Ciudad de México.- El asalto a las instituciones se ha consumado con la llamada reforma de la Supremacía Constitucional. A partir de que entre en vigor, tras ser publicada en el Diario Oficial de la Federación, la Suprema Corte de Justicia de la Nación dejará de ser garante de la legalidad constitucional.
El miércoles pasado se consumó una de las acciones más demoledoras para el sistema de pesos y contrapesos que teníamos en México; un Poder Ejecutivo de la mano con el Legislativo decidió que el pueblo votó a favor de quedarse indefenso y sin herramientas para combatir los excesos del poder.
Con 343 votos a favor –uno de ellos fantasma—y 129 en contra, Morena y sus partidos aliados votaron en lo general y particular que ninguna reforma a la Constitución podrá ser impugnada, suspendida con amparos, controversias constitucionales o acciones de inconstitucionalidad.
Una legislación de esta naturaleza genera un tremendo desequilibrio en los poderes establecidos en México; al momento de determinar que cualquier reforma a la Constitución es inimpugnable entonces se favorecen los cambios arbitrarios, caprichosos e incluso anticonstitucionales.
Si bien los tres poderes pueden proponer leyes o reformas a la Constitución, corresponde al Poder Legislativo su aprobación, pero en no pocas ocasiones sucede que lo ahí aprobado contraviene disposiciones de la Constitución y la única forma de enmendar la plana de lo que se aprobó mal, es la revisión que hacía la Suprema Corte de Justicia de la Nación cuando había una solicitud expresa.
Eso ya no será así.
Con la Supremacía Constitucional la Suprema Corte no tiene facultades para aceptar amparos, analizar lo aprobado y defender a los mexicanos de cualquier acto que atente contra su persona, bienes, trabajo o derechos naturales.
No solamente eso, los estados y municipios ya no pueden ampararse cuando exista una legislación que consideren lesiona el pacto federal y por tanto puedan ver afectados sus ingresos, su desarrollo o su propia autonomía.
El estado de derecho se rompió y quedamos a expensas de los caprichos o deseos de una Presidencia de la República que con el respaldo del Poder Legislativo se amafiaron para derrumbar al otro poder.
Esto es en extremo peligroso, no solamente por el enorme poder que se acumula en una persona; sino porque también genera desconfianza e incertidumbre en aquellos que pensaban invertir en México.
Los estados con mayor desarrollo privilegian en gran medida el estado derecho, no como un simple argumento de propaganda política, sino como una manifestación al mundo de que son confiables, de que las leyes garantizan inversiones y que el Estado es un promotor, pero no un jugador esencial en el desarrollo económico.

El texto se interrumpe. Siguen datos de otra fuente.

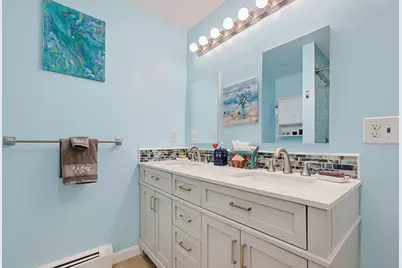 28 Wilson Street #17, Marlborough, MA 01752 - Photo 30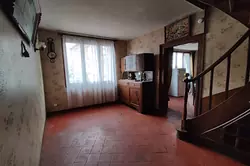 Vente maison de village Bernay  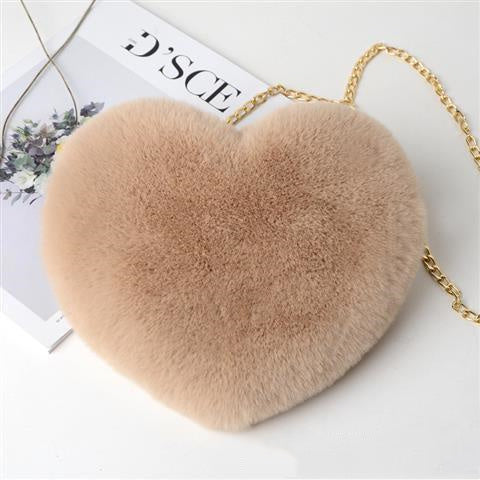 Love Bag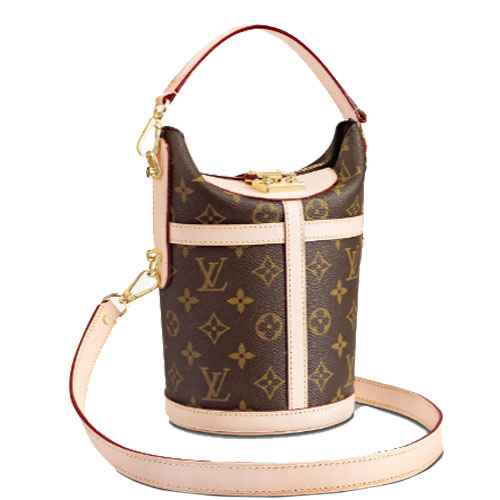 DUFFLE BAG M43587 1 DUFFLE BAG M43587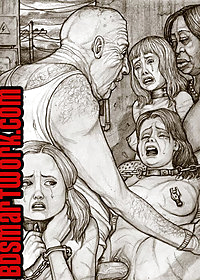 Old master Myers fucks once again pic 3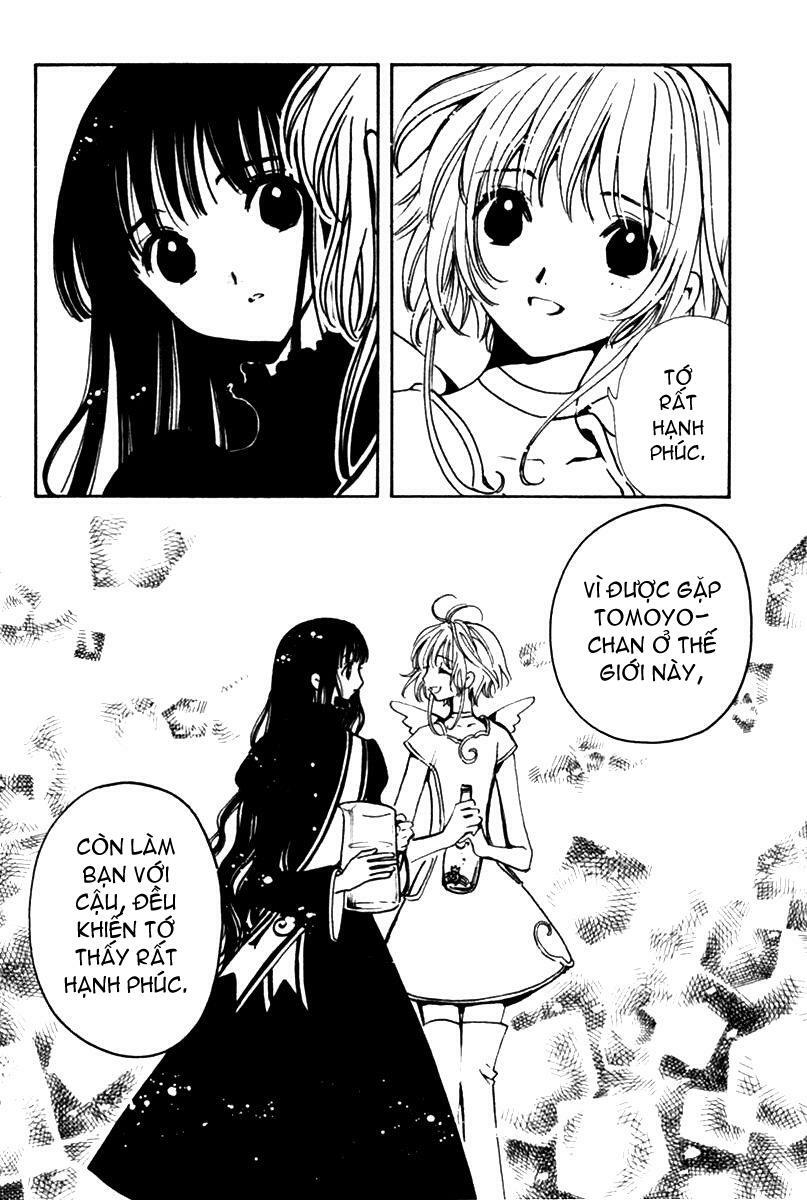 Huyền Thoại Đôi Cánh Chapter 90 - Trang 2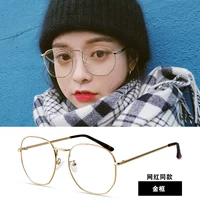 Платформа Gold Frame | Фавориты плюс заказ Отправить графический пакет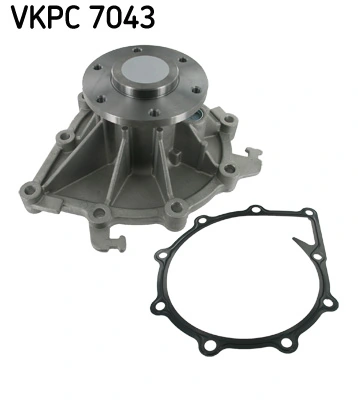 Febi 30679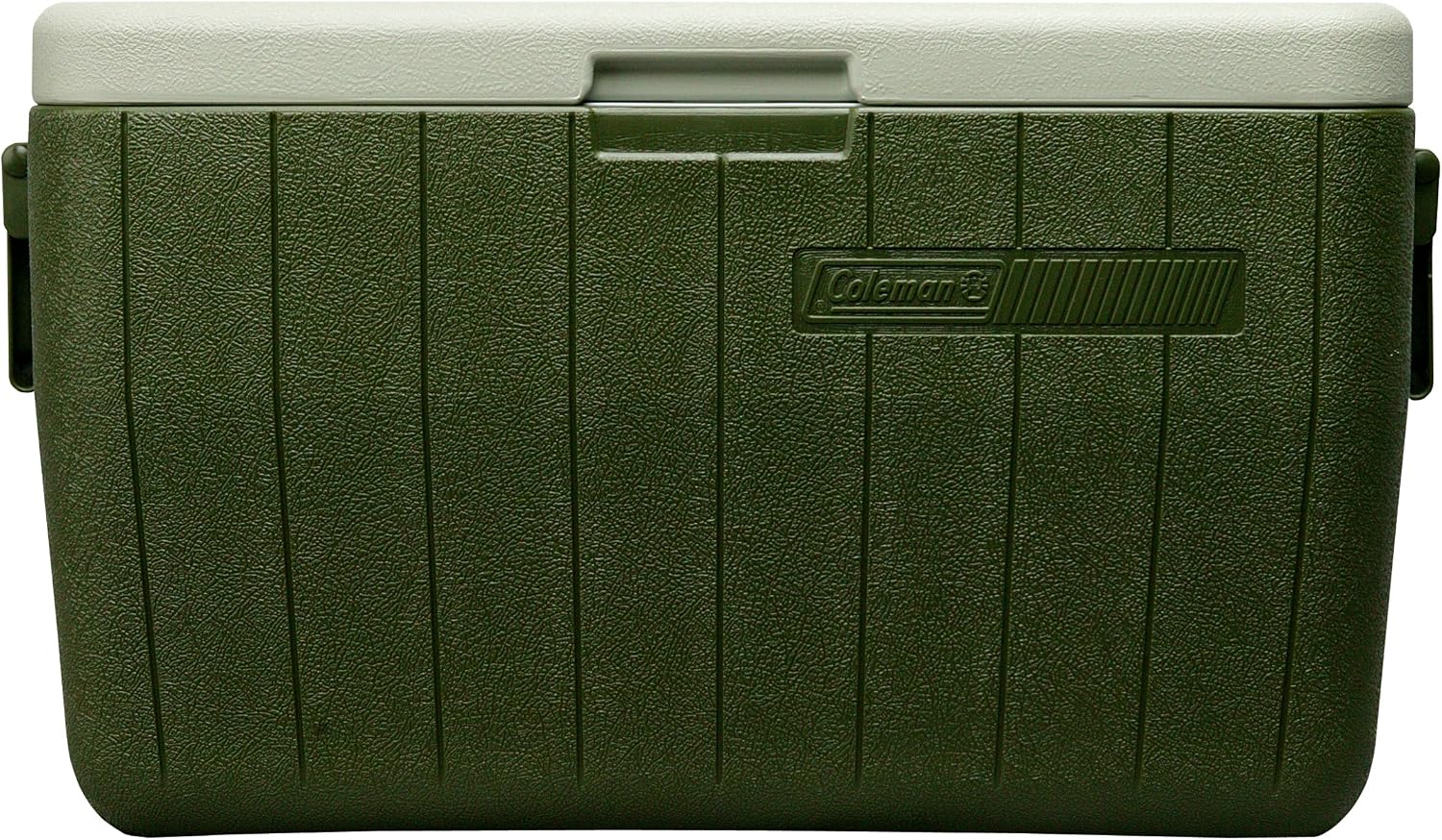 Coleman Performance Portable Cooler, 48 Quart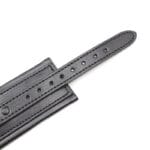 OHMAMA FETISH - RESTRICTIONS AU POIGNET – Image 6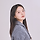 Mia Kim 프로필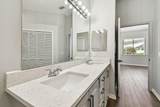 915 Brittany Park Boulevard - Photo 32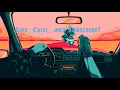 Download Lagu Violet Vape - Chill hip hop (Instrumental) music to chill, relax, study, and vibe to.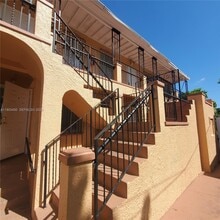 Building Photo - 1843 NW 19th St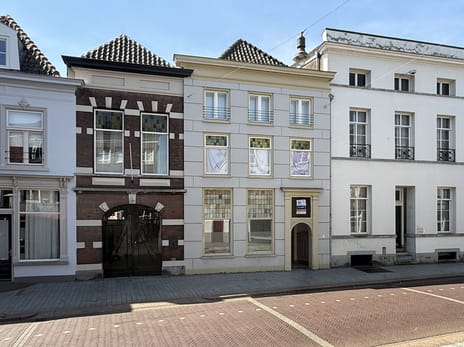 Hinthamerstraat 207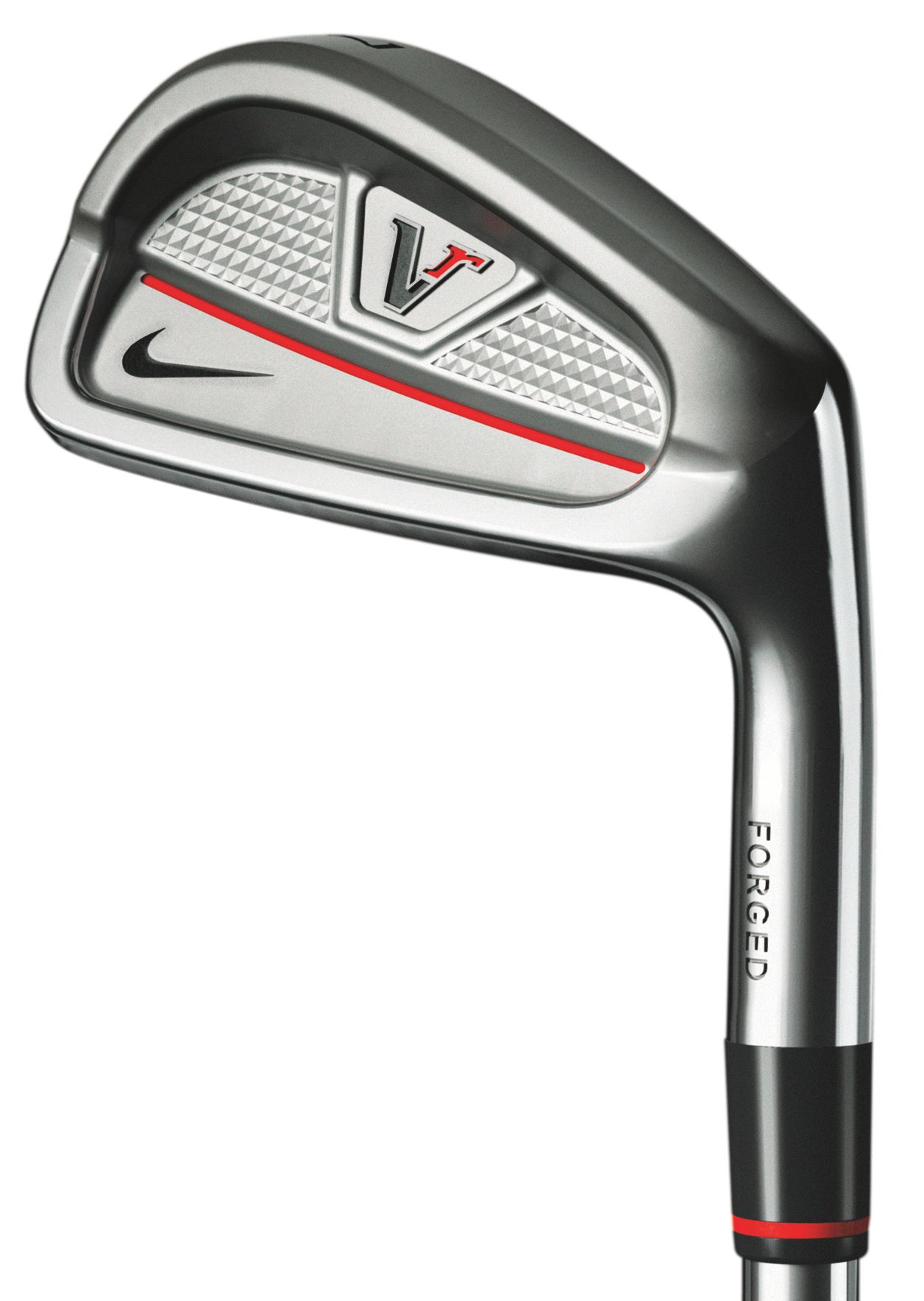 Nike VR Forged Split Cavity Men's Iron Set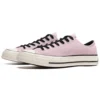 Chuck 70 „Plum Chalk”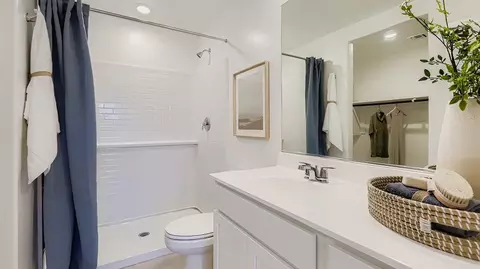 Bath - 3784 N 96th Ln, Phoenix, AZ 85037 photo 1 of 3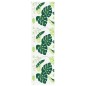 vidaXL Duschrollo 80x240 cm Stoffbreite 76 cm vidaXL Duschrollo 80x240 cm Stoffbreite 76 cm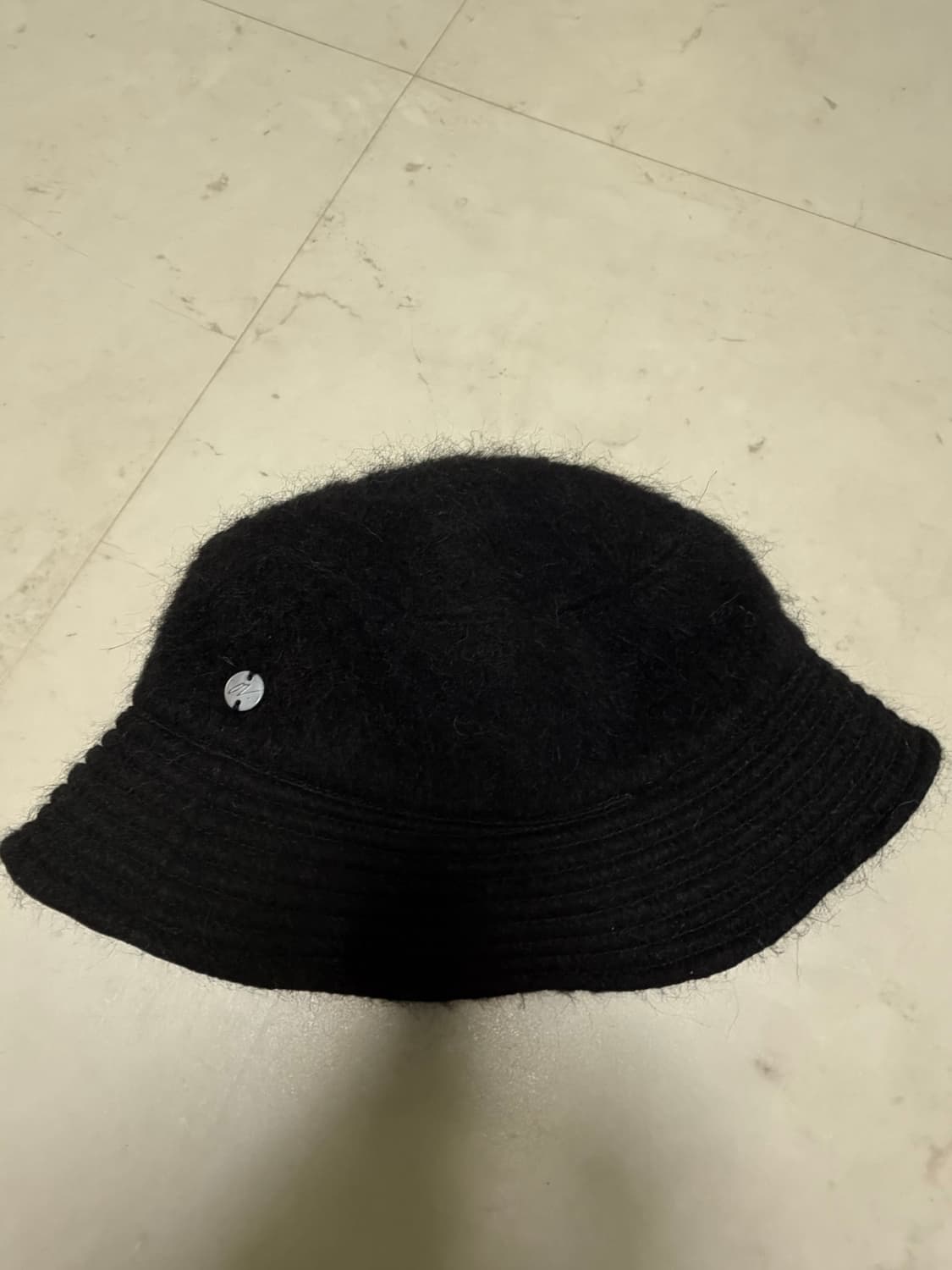 아워레가시 버킷햇 상품이미지1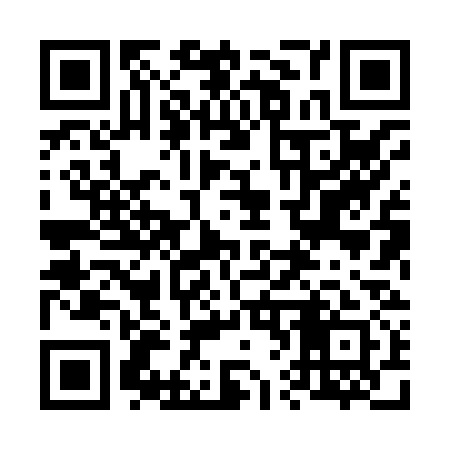 QR code for 668831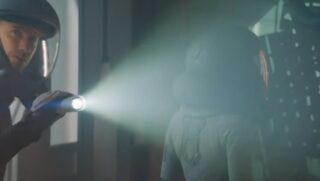 2026-07-29 -1 The Ark S3x01 What will we find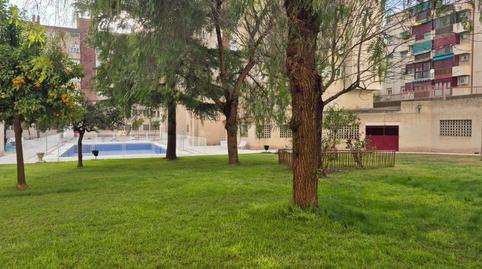 Foto 2 von Wohnung zur Miete in Calle Avenida del Mediterraneo, 9, Fígares,  Granada Capital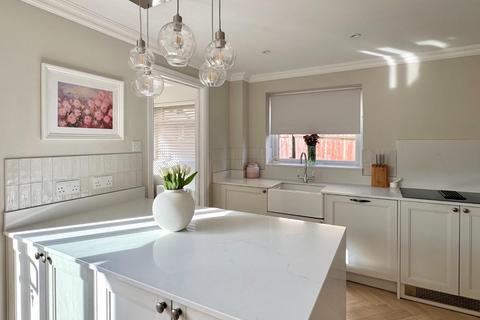 3 bedroom semi-detached house for sale, Cowslip Drive, Penarth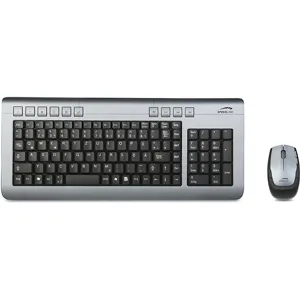 Speedlink Mediato Wireless Deskset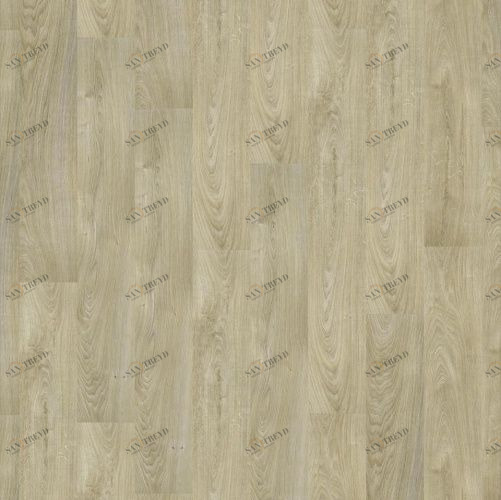 Ламинат Tarkett Дуб Сегвей 1000900886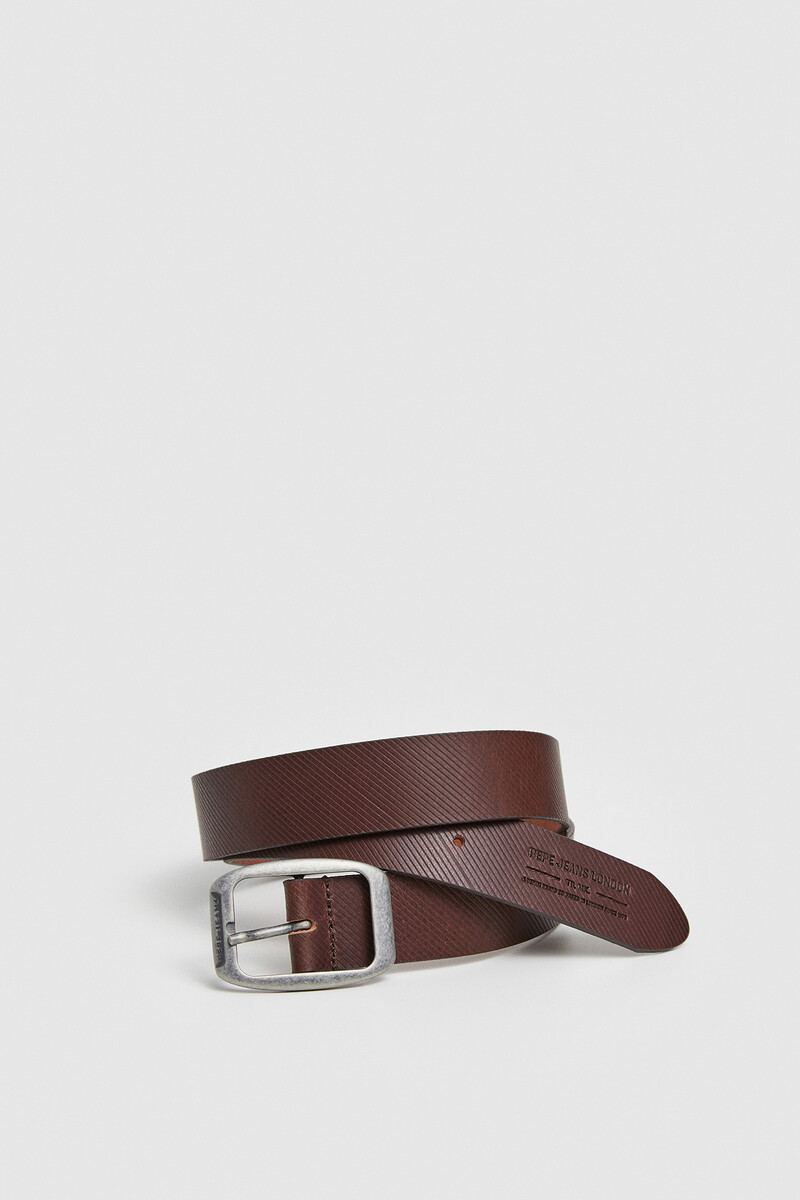 women'secret Cinturón Wade
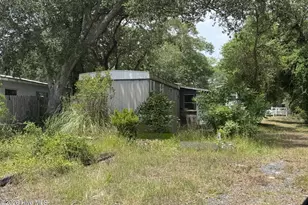 103 NE 66th St, Oak Island, NC 28465 - Photo 1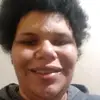 DesireeRamey.backup - @desireeramey.backup - TikTok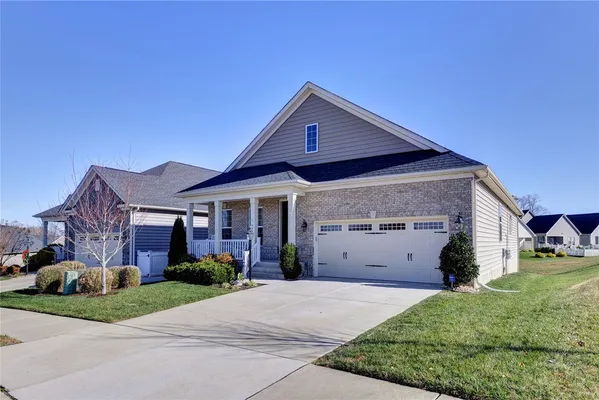 Property Slideshow image 3 of 48 | 7009 westbrook dr, Williamsburg, VA, 23188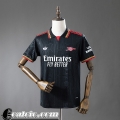 Arsenal Maglia Calcio Edizione speciale Uomo 25-26 TBB956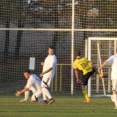 ČERNILOV- FCSK A (21.10.2018)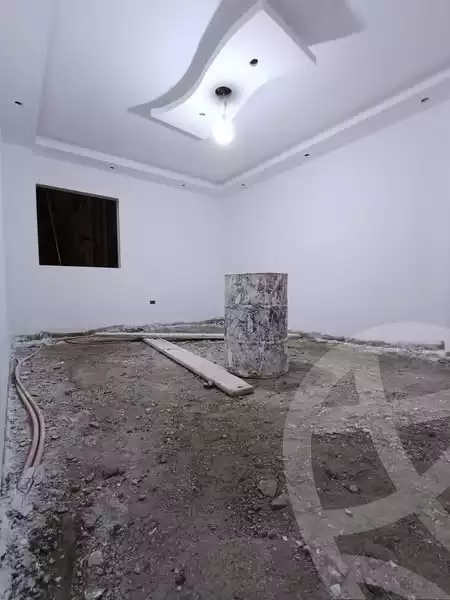 https://aqarmap.com.eg/en/listing/6097020-for-sale-cairo-helwan-helwan-el-sharkeya-mostafa-safwat-st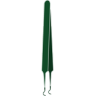 Лайтстик Base Camp GlowSticks. White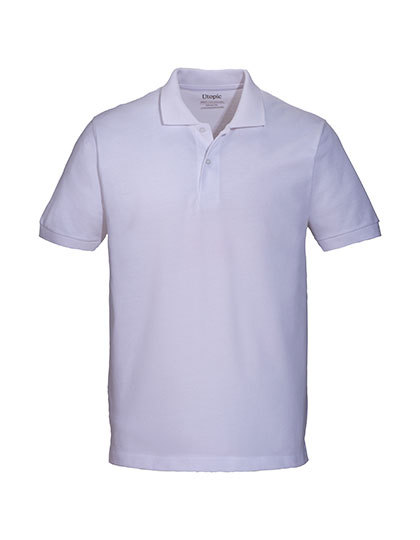 Funktions-Poloshirt Funktions-Poloshirt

Es lo que llaman algunos “el Jenga legal”, entre más sólido y confiable sea el sistema de impartición de justicia, mayor confianza se tiene en un estado y menos se sospecha de la intromisión gubernamental en las decisiones económicas que afectan los capitales invertidos, particularmente aquellos que vienen de otras naciones.
Para todo esto es fundamental la confianza, pero al romperse el equilibrio de poderes, lo que sucede es que aparece un estado de indefensión. ¿Ante quién se recurre cuando hay una reforma constitucional que violenta a la misma Constitución? Ya no hay instancia que pueda ayudar.
Cierto es que la Supremacía Constitucional tiene como eje el evitar que la Suprema Corte de Justicia de la Nación eche abajo la reforma al Poder Judicial y evita que acepte amparos e incluso que pueda declarar inconstitucional una o todas sus partes.
Pero el alcance que tiene va más allá de este momento y abre las puertas para los excesos y abusos, para un ejercicio del poder sin límites y solamente con la garantía de la palabra de que el gobernante en turno será respetuoso de las leyes, algo que en México no tiene sustento.
Sin la existencia de una parte revisora de la constitucionalidad de las leyes, lo que impera es una falta de supervisión que garantice en primera instancia el apego estricto a la letra de la ley y en segunda, que determine los mecanismos de defensa cuando alguien pueda sentir que sus derechos constitucionales son lesionados.
Por lo pronto esa parte ya se perdió y quedamos expuestos a la voluntad de que quien gobierna pueda sustraerse de la tentación del abuso de poder y de legislar a contentillo o conveniencia.